01: Building the Open-Source Answer to Rabbit R1’s Voice-Controlled Computer
Hook
While companies like Rabbit R1 built proprietary voice-controlled AI devices, a team of open-source developers built something more ambitious: a voice interface that actually executes code on your computer and runs on affordable ESP32 hardware.
Context
Voice assistants have plateaued. Siri, Alexa, and Google Assistant excel at setting timers and playing music, but they can’t actually do anything meaningful on your computer—they can’t refactor code, manipulate spreadsheets, or automate complex workflows. Proprietary devices like the Rabbit R1 attempted to break this ceiling with voice-controlled computer interaction, but remained closed-source and vendor-locked.
The 01 project emerges from this gap, described as an open-source platform for intelligent devices inspired by the Rabbit R1 and Star Trek computer. Powered by Open Interpreter, it provides a natural language voice interface for computers with an ambitious goal: what if you could talk to your computer like the Star Trek crew talks to their ship’s computer, and have it actually execute commands, write code, and control software? More radically, what if this capability could run on ESP32 microcontrollers you can build yourself?
Technical Insight
The 01 architecture addresses a fundamental challenge: how do you provide sophisticated voice-controlled computing across hardware ranging from battery-powered ESP32 chips to full desktop machines? The answer is a tiered server architecture with multiple client implementations.
At the foundation sits Open Interpreter, which handles code execution and command interpretation. On top of this, 01 provides two server options. The Light Server is optimized for low-power devices like ESP32 microcontrollers. The LiveKit Server is designed for devices with higher processing power and supports OpenAI’s Realtime API for multimodal interactions.

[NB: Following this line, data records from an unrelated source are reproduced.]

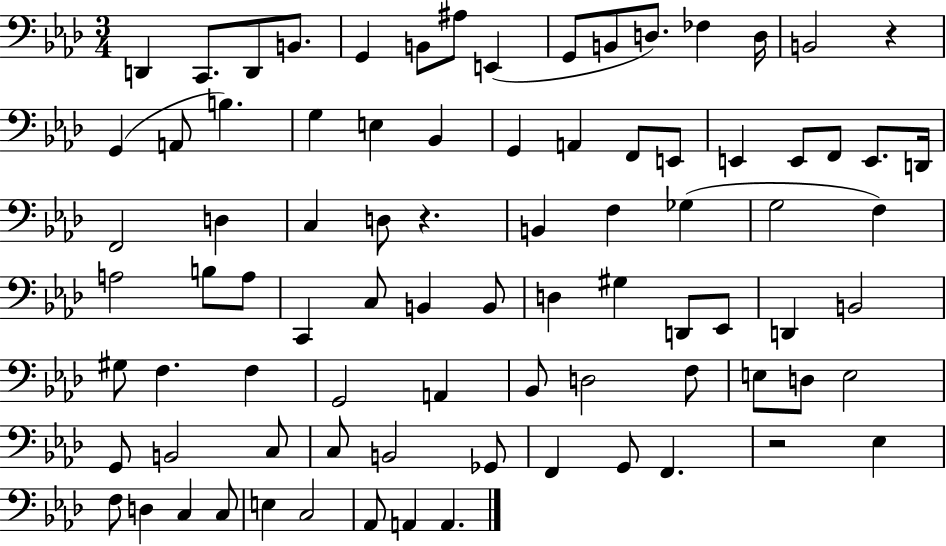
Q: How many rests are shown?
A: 3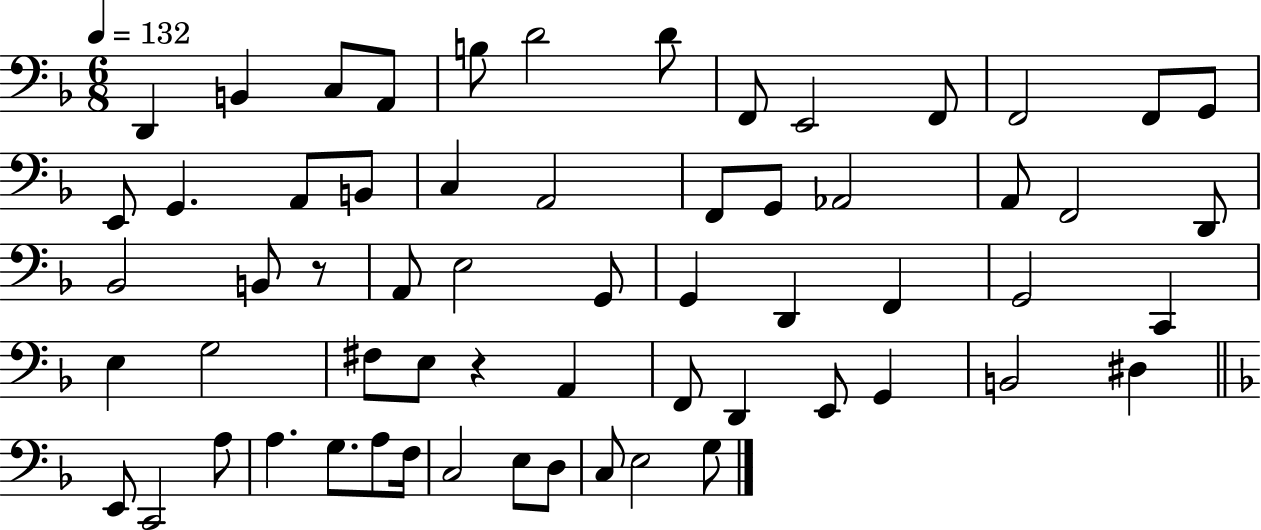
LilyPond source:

{
  \clef bass
  \numericTimeSignature
  \time 6/8
  \key f \major
  \tempo 4 = 132
  d,4 b,4 c8 a,8 | b8 d'2 d'8 | f,8 e,2 f,8 | f,2 f,8 g,8 | \break e,8 g,4. a,8 b,8 | c4 a,2 | f,8 g,8 aes,2 | a,8 f,2 d,8 | \break bes,2 b,8 r8 | a,8 e2 g,8 | g,4 d,4 f,4 | g,2 c,4 | \break e4 g2 | fis8 e8 r4 a,4 | f,8 d,4 e,8 g,4 | b,2 dis4 | \break \bar "||" \break \key f \major e,8 c,2 a8 | a4. g8. a8 f16 | c2 e8 d8 | c8 e2 g8 | \break \bar "|."
}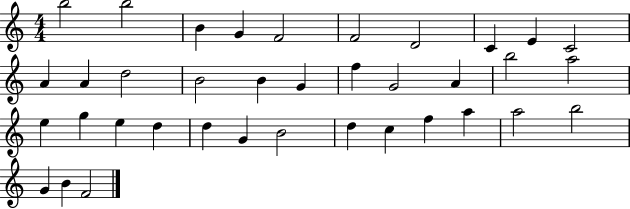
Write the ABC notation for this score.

X:1
T:Untitled
M:4/4
L:1/4
K:C
b2 b2 B G F2 F2 D2 C E C2 A A d2 B2 B G f G2 A b2 a2 e g e d d G B2 d c f a a2 b2 G B F2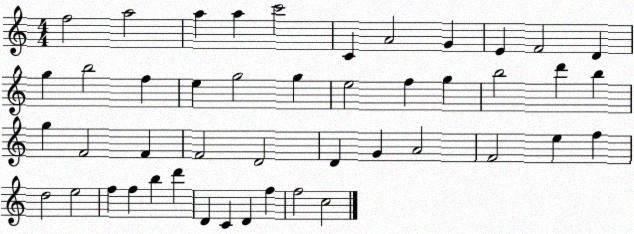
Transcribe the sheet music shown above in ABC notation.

X:1
T:Untitled
M:4/4
L:1/4
K:C
f2 a2 a a c'2 C A2 G E F2 D g b2 f e g2 g e2 f g b2 d' b g F2 F F2 D2 D G A2 F2 e f d2 e2 f f b d' D C D f f2 c2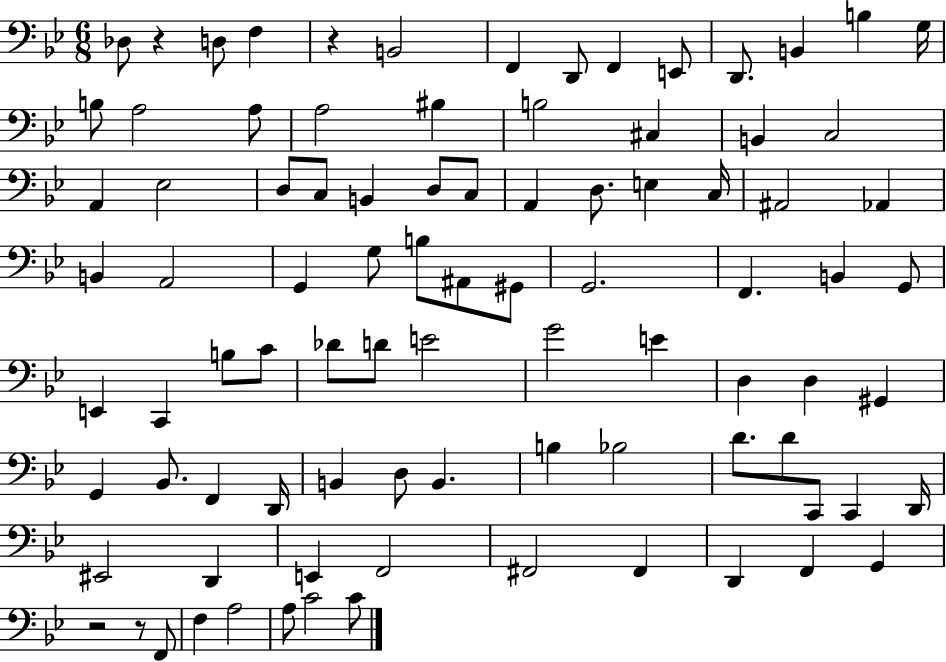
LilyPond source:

{
  \clef bass
  \numericTimeSignature
  \time 6/8
  \key bes \major
  des8 r4 d8 f4 | r4 b,2 | f,4 d,8 f,4 e,8 | d,8. b,4 b4 g16 | \break b8 a2 a8 | a2 bis4 | b2 cis4 | b,4 c2 | \break a,4 ees2 | d8 c8 b,4 d8 c8 | a,4 d8. e4 c16 | ais,2 aes,4 | \break b,4 a,2 | g,4 g8 b8 ais,8 gis,8 | g,2. | f,4. b,4 g,8 | \break e,4 c,4 b8 c'8 | des'8 d'8 e'2 | g'2 e'4 | d4 d4 gis,4 | \break g,4 bes,8. f,4 d,16 | b,4 d8 b,4. | b4 bes2 | d'8. d'8 c,8 c,4 d,16 | \break eis,2 d,4 | e,4 f,2 | fis,2 fis,4 | d,4 f,4 g,4 | \break r2 r8 f,8 | f4 a2 | a8 c'2 c'8 | \bar "|."
}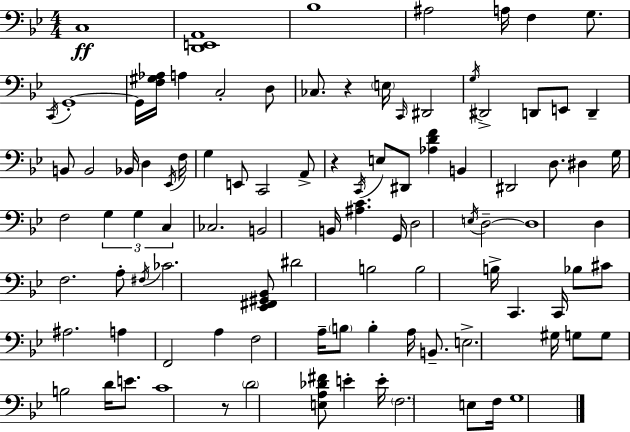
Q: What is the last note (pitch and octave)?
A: G3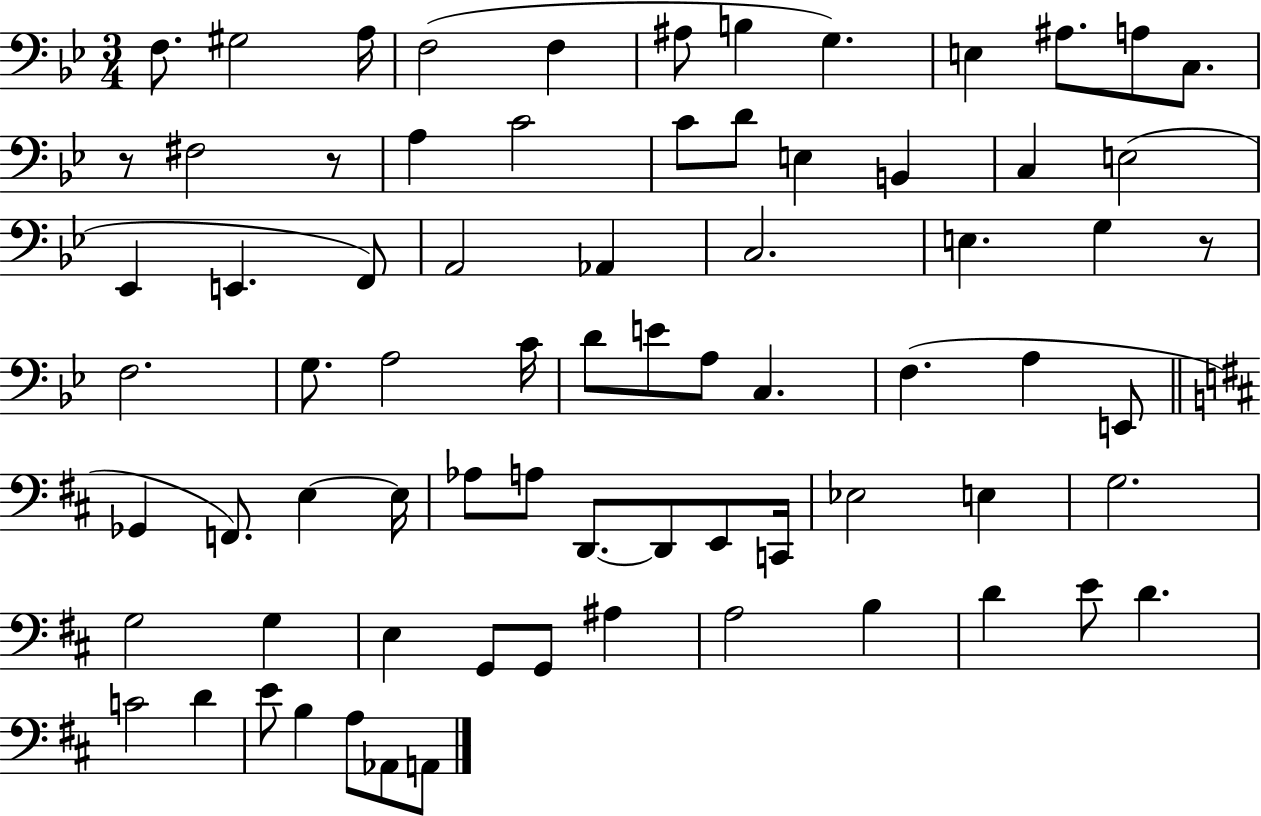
{
  \clef bass
  \numericTimeSignature
  \time 3/4
  \key bes \major
  f8. gis2 a16 | f2( f4 | ais8 b4 g4.) | e4 ais8. a8 c8. | \break r8 fis2 r8 | a4 c'2 | c'8 d'8 e4 b,4 | c4 e2( | \break ees,4 e,4. f,8) | a,2 aes,4 | c2. | e4. g4 r8 | \break f2. | g8. a2 c'16 | d'8 e'8 a8 c4. | f4.( a4 e,8 | \break \bar "||" \break \key d \major ges,4 f,8.) e4~~ e16 | aes8 a8 d,8.~~ d,8 e,8 c,16 | ees2 e4 | g2. | \break g2 g4 | e4 g,8 g,8 ais4 | a2 b4 | d'4 e'8 d'4. | \break c'2 d'4 | e'8 b4 a8 aes,8 a,8 | \bar "|."
}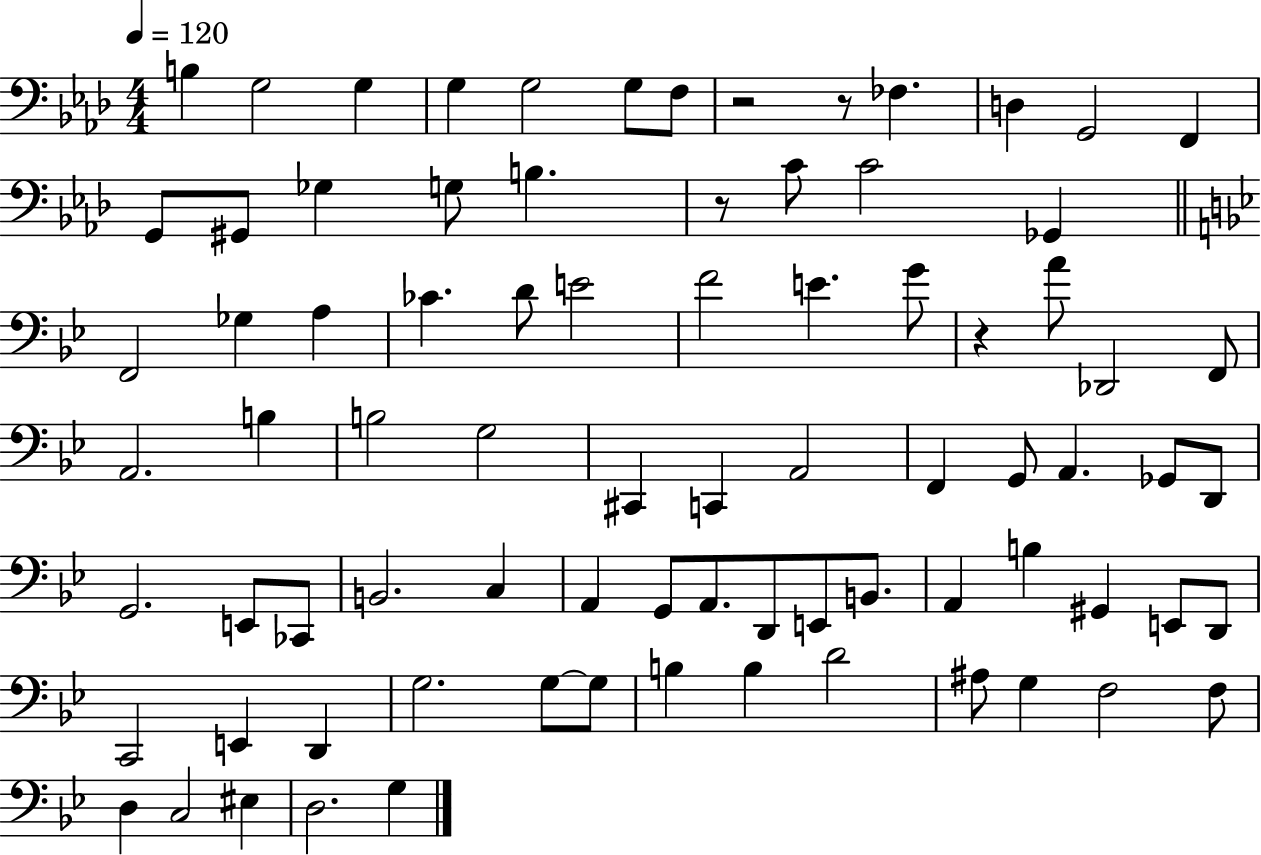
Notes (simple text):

B3/q G3/h G3/q G3/q G3/h G3/e F3/e R/h R/e FES3/q. D3/q G2/h F2/q G2/e G#2/e Gb3/q G3/e B3/q. R/e C4/e C4/h Gb2/q F2/h Gb3/q A3/q CES4/q. D4/e E4/h F4/h E4/q. G4/e R/q A4/e Db2/h F2/e A2/h. B3/q B3/h G3/h C#2/q C2/q A2/h F2/q G2/e A2/q. Gb2/e D2/e G2/h. E2/e CES2/e B2/h. C3/q A2/q G2/e A2/e. D2/e E2/e B2/e. A2/q B3/q G#2/q E2/e D2/e C2/h E2/q D2/q G3/h. G3/e G3/e B3/q B3/q D4/h A#3/e G3/q F3/h F3/e D3/q C3/h EIS3/q D3/h. G3/q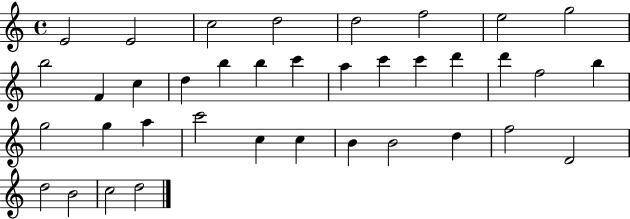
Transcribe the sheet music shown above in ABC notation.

X:1
T:Untitled
M:4/4
L:1/4
K:C
E2 E2 c2 d2 d2 f2 e2 g2 b2 F c d b b c' a c' c' d' d' f2 b g2 g a c'2 c c B B2 d f2 D2 d2 B2 c2 d2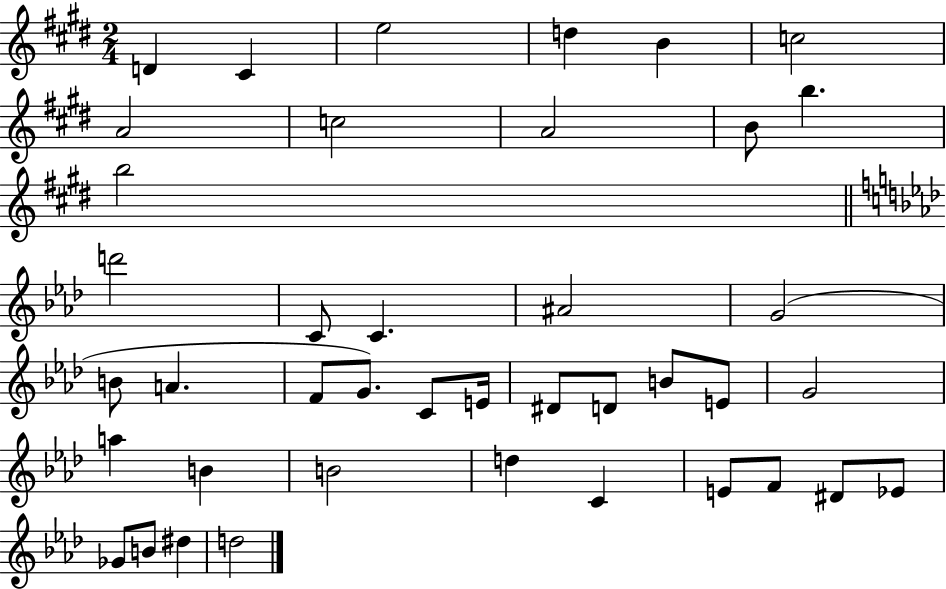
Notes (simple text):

D4/q C#4/q E5/h D5/q B4/q C5/h A4/h C5/h A4/h B4/e B5/q. B5/h D6/h C4/e C4/q. A#4/h G4/h B4/e A4/q. F4/e G4/e. C4/e E4/s D#4/e D4/e B4/e E4/e G4/h A5/q B4/q B4/h D5/q C4/q E4/e F4/e D#4/e Eb4/e Gb4/e B4/e D#5/q D5/h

Here’s how you’d launch the full-featured LiveKit server with multimodal support:
poetry run 01 --server livekit --qr --expose --multimodal
This command spins up a LiveKit server instance, generates a QR code for mobile client connection (--qr), exposes the server to external networks (--expose), and enables OpenAI’s Realtime API for multimodal interactions (--multimodal). The QR code approach is elegant—mobile clients can instantly connect without manual IP configuration.
The profile-based configuration system deserves attention. Rather than hardcoding behavior, 01 uses editable profiles in software/source/server/profiles that define the language model, system messages, and other behavioral parameters. This means you can create distinct profiles for different use cases—different capability levels and behavioral constraints.
The client diversity is where 01 truly differentiates itself. The ESP32 implementation runs on microcontrollers, handling voice capture and network communication. The mobile apps (Android and iOS) provide interfaces for on-the-go computer control. The desktop client allows voice control of the machine you’re physically using. This isn’t just multi-platform—it’s multi-tier computing where the same backend serves radically different hardware capabilities.
According to the README, 01’s capabilities include executing code, browsing the web, managing files, and controlling third-party software. The system appears to route voice input through language models that can then trigger these actions, though the exact execution pipeline isn’t detailed in the documentation.
Gotcha
The README’s warning isn’t subtle: “This experimental project is under rapid development and lacks basic safeguards. Until a stable 1.0 release, only run this on devices without sensitive information or access to paid services.” This is refreshingly honest and critically important.
The core architectural decision—allowing voice commands to execute code—is both 01’s superpower and its main risk. The README explicitly warns about the lack of basic safeguards and recommends avoiding devices with sensitive information or access to paid services. The documentation mentions a profile system for customization but doesn’t detail specific security boundaries or execution constraints in the README itself. The safety documentation linked in the README discusses risks and safety measures, indicating this is an area requiring careful consideration.
The dependency on OpenAI’s Realtime API for the multimodal features creates potential cost and availability constraints. While the documentation mentions customizing language models through profiles, the cutting-edge multimodal capabilities demonstrated in the example command require API access. For hobbyists building ESP32 devices, API costs could become a consideration, though the README doesn’t specify what functionality is available with local models versus cloud APIs.
The project is explicitly described as experimental and under rapid development, meaning APIs, configurations, and features may change before the stable 1.0 release.
Verdict
Use 01 if you’re building custom voice-controlled hardware projects, want to experiment with open-source alternatives to proprietary voice-controlled devices, or need a flexible platform for maker projects that require natural language interfaces on constrained hardware like ESP32. It’s ideal for developers comfortable with experimental software who want to create DIY voice assistants without vendor lock-in, or researchers exploring the intersection of LLMs and computer control. Skip it if you need production-ready security for any environment with sensitive data, require stable APIs and guaranteed backward compatibility, or need to run it on devices with access to paid services or sensitive information. The project maintainers explicitly recommend waiting for the 1.0 release if you need safety guardrails. This is bleeding-edge open-source innovation with all the power and risks that implies—the README is transparent about its experimental nature and current limitations.